What the task requires> What you write must match, character for character, the lines from the one with "DIY Kinder Pyjama" down to the one with "Bed Stu Bed" in the listing below, minus its pictures.

Material provided>
BEGIN

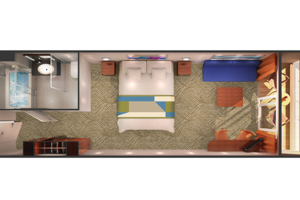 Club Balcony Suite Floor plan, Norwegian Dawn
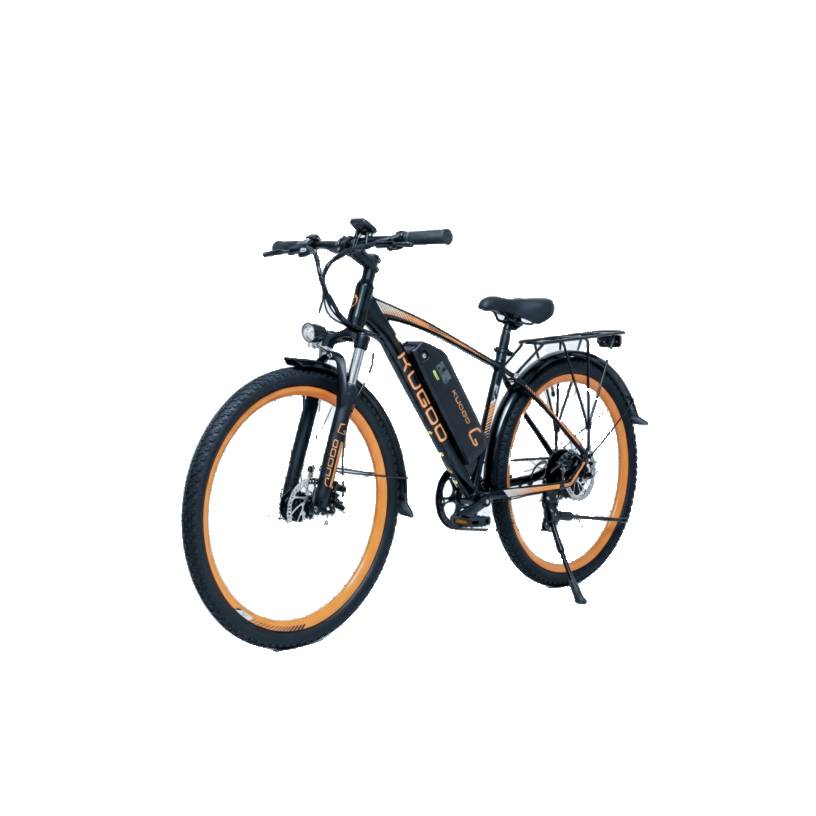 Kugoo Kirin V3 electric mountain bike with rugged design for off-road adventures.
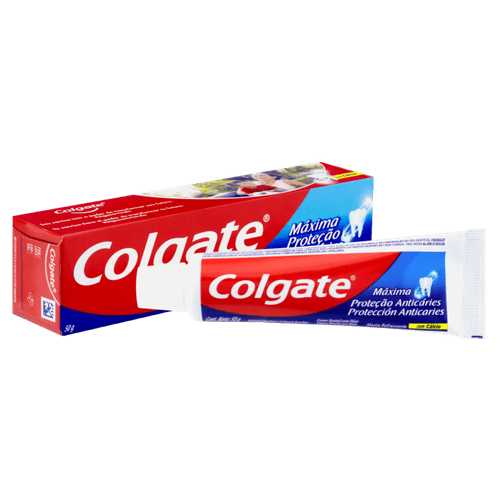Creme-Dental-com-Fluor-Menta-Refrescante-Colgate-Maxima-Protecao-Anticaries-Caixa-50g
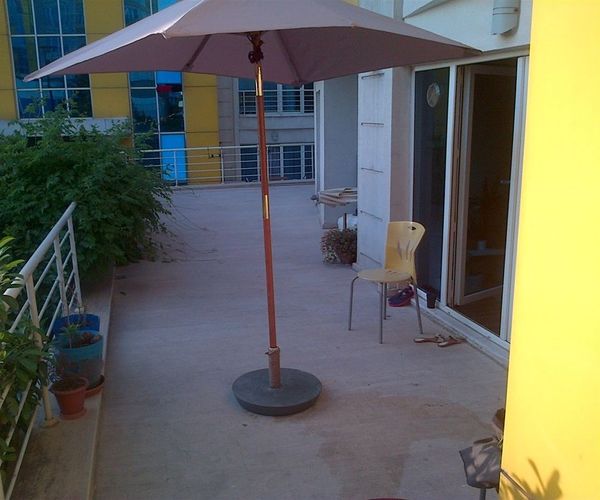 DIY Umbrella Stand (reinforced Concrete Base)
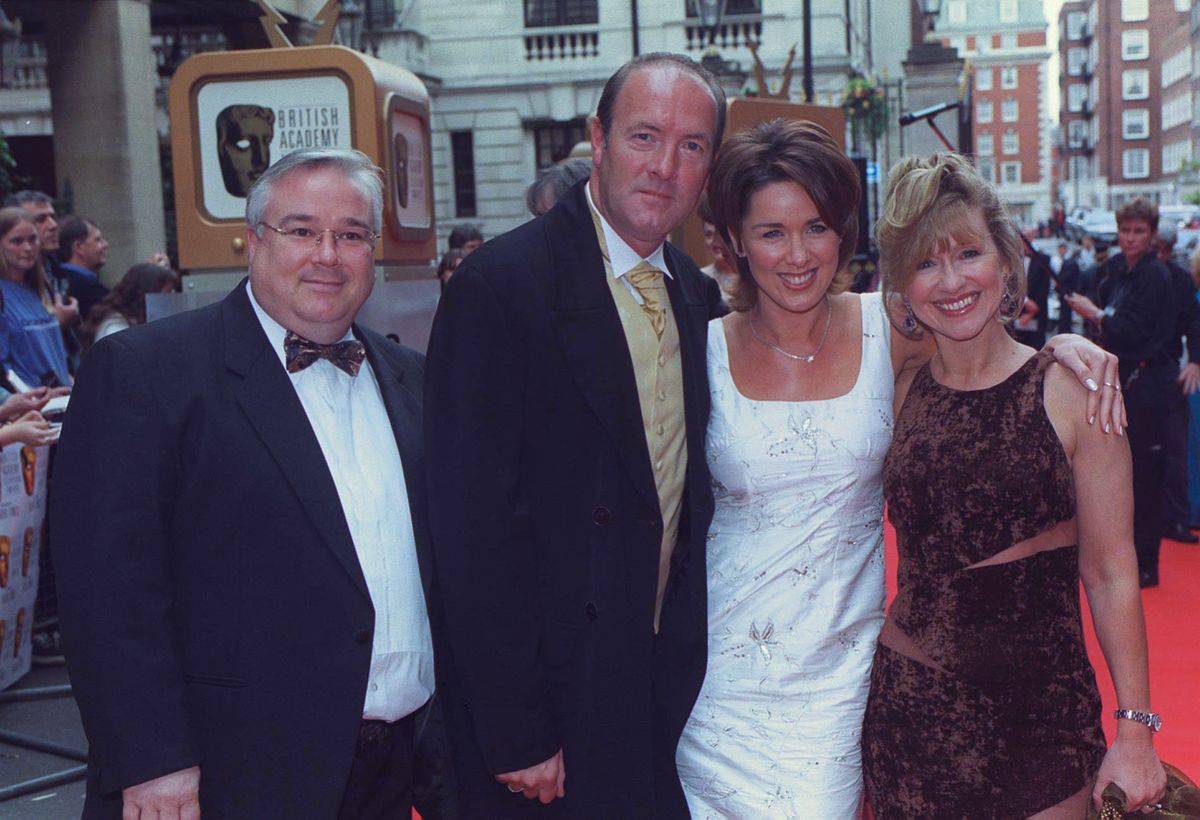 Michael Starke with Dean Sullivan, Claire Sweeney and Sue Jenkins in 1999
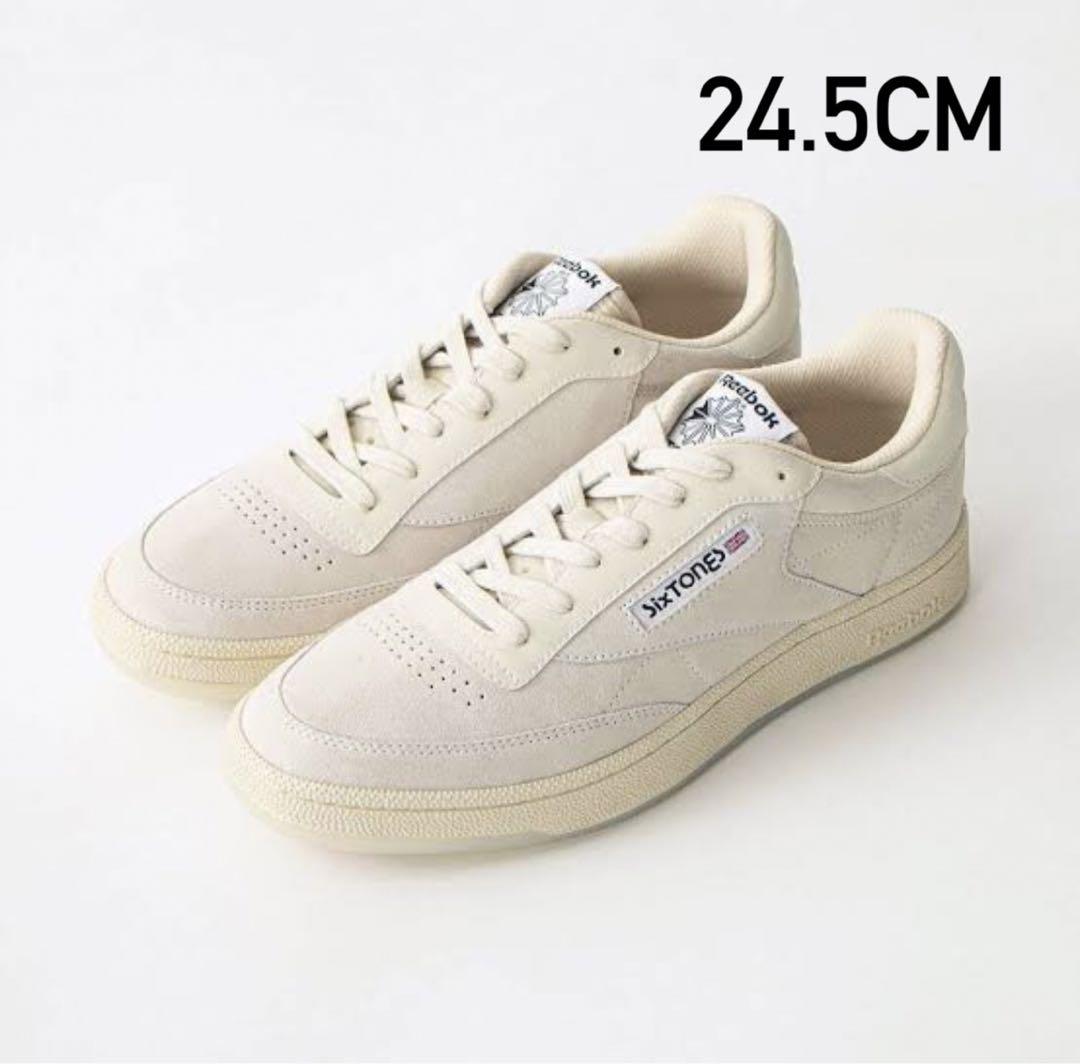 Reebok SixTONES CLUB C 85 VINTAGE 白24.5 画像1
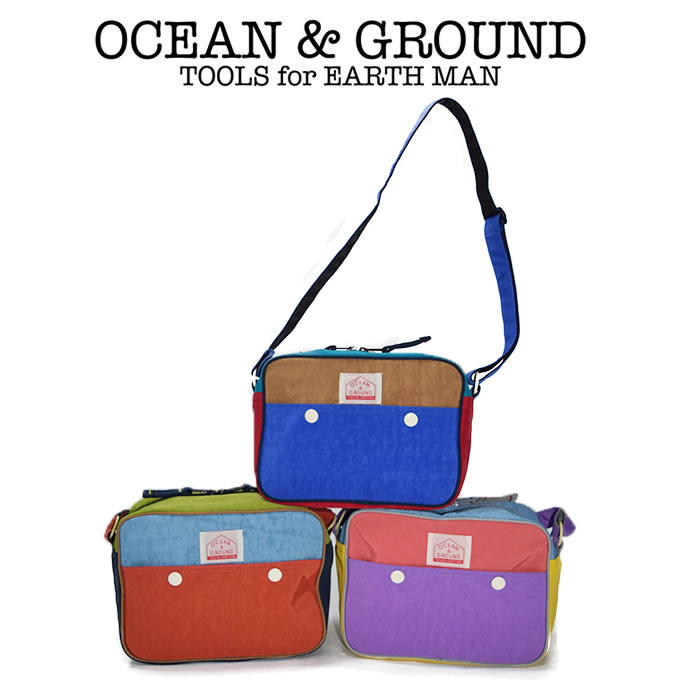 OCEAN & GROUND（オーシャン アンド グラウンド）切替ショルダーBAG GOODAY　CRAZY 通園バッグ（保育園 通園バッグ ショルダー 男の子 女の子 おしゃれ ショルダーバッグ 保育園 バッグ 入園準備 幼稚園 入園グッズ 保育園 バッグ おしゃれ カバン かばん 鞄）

END
BEGIN

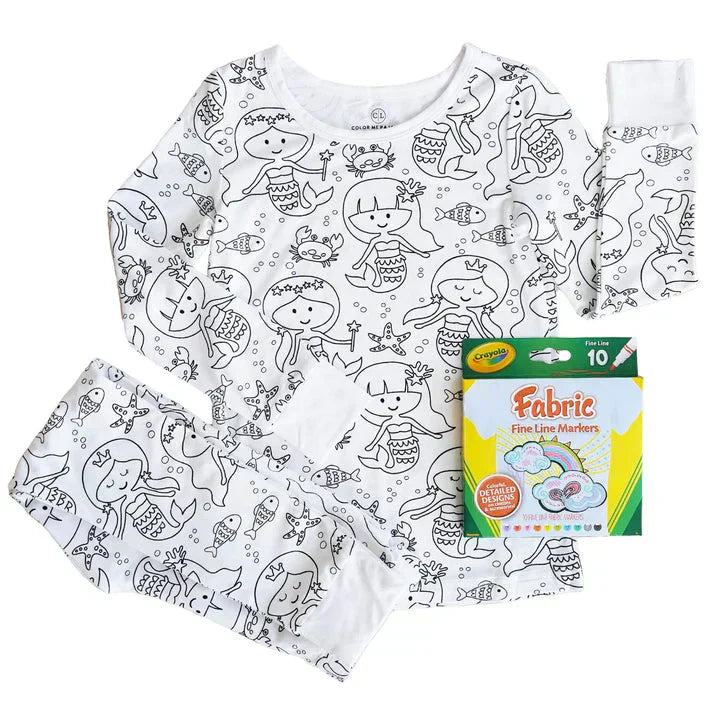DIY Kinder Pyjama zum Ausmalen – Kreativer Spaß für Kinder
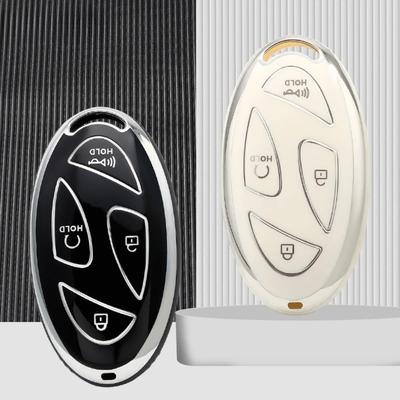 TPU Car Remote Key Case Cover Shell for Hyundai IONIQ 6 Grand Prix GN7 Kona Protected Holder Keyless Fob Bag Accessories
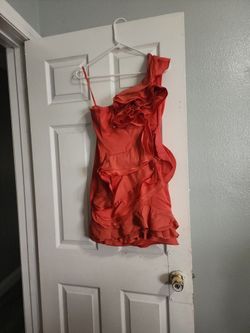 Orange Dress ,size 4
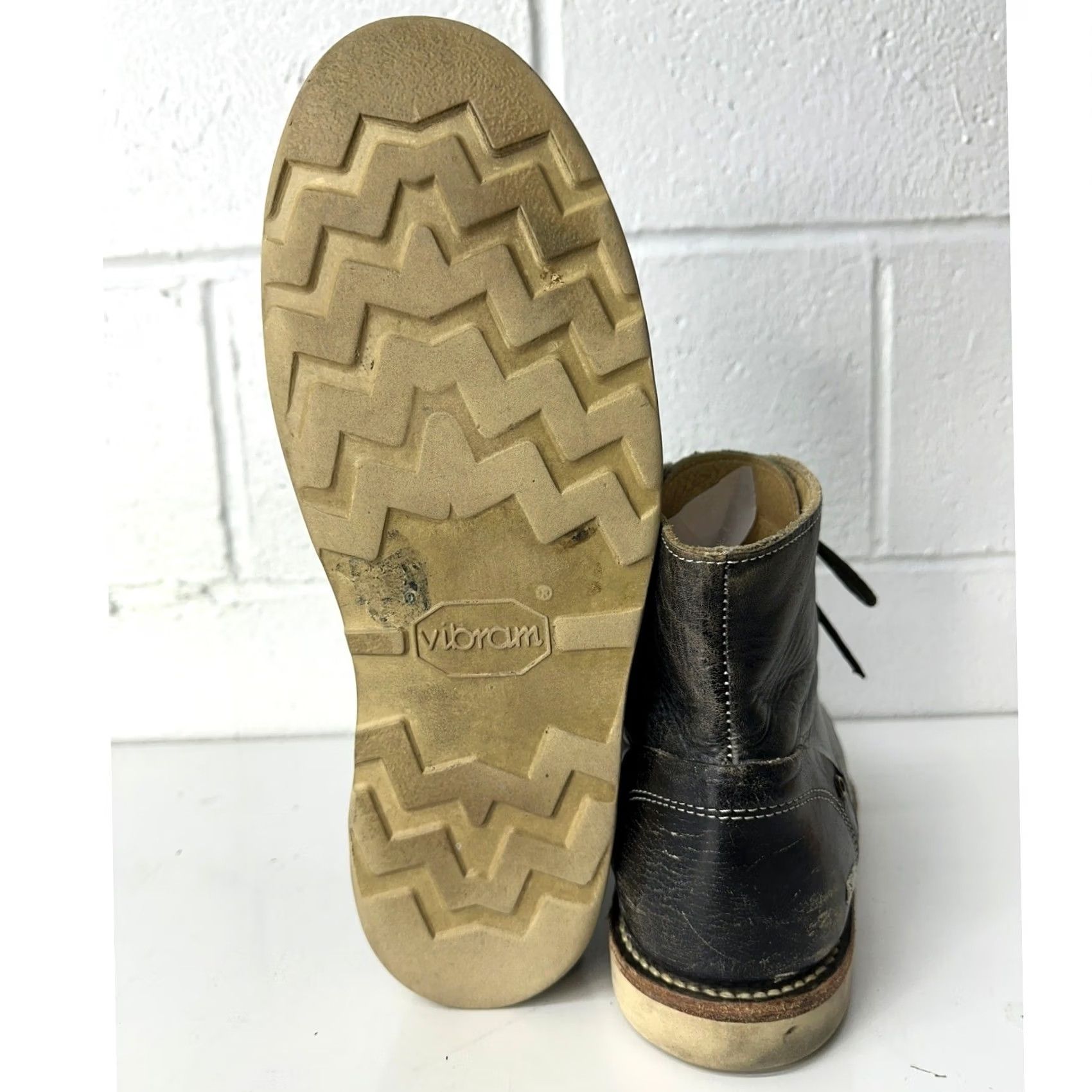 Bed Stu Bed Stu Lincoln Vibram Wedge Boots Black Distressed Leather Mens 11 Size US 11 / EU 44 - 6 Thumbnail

END

Solution>
DIY Kinder Pyjama zum Ausmalen – Kreativer Spaß für Kinder
 TPU Car Remote Key Case Cover Shell for Hyundai IONIQ 6 Grand Prix GN7 Kona Protected Holder Keyless Fob Bag Accessories
 Orange Dress ,size 4
 Bed Stu Bed Stu Lincoln Vibram Wedge Boots Black Distressed Leather Mens 11 Size US 11 / EU 44 - 6 Thumbnail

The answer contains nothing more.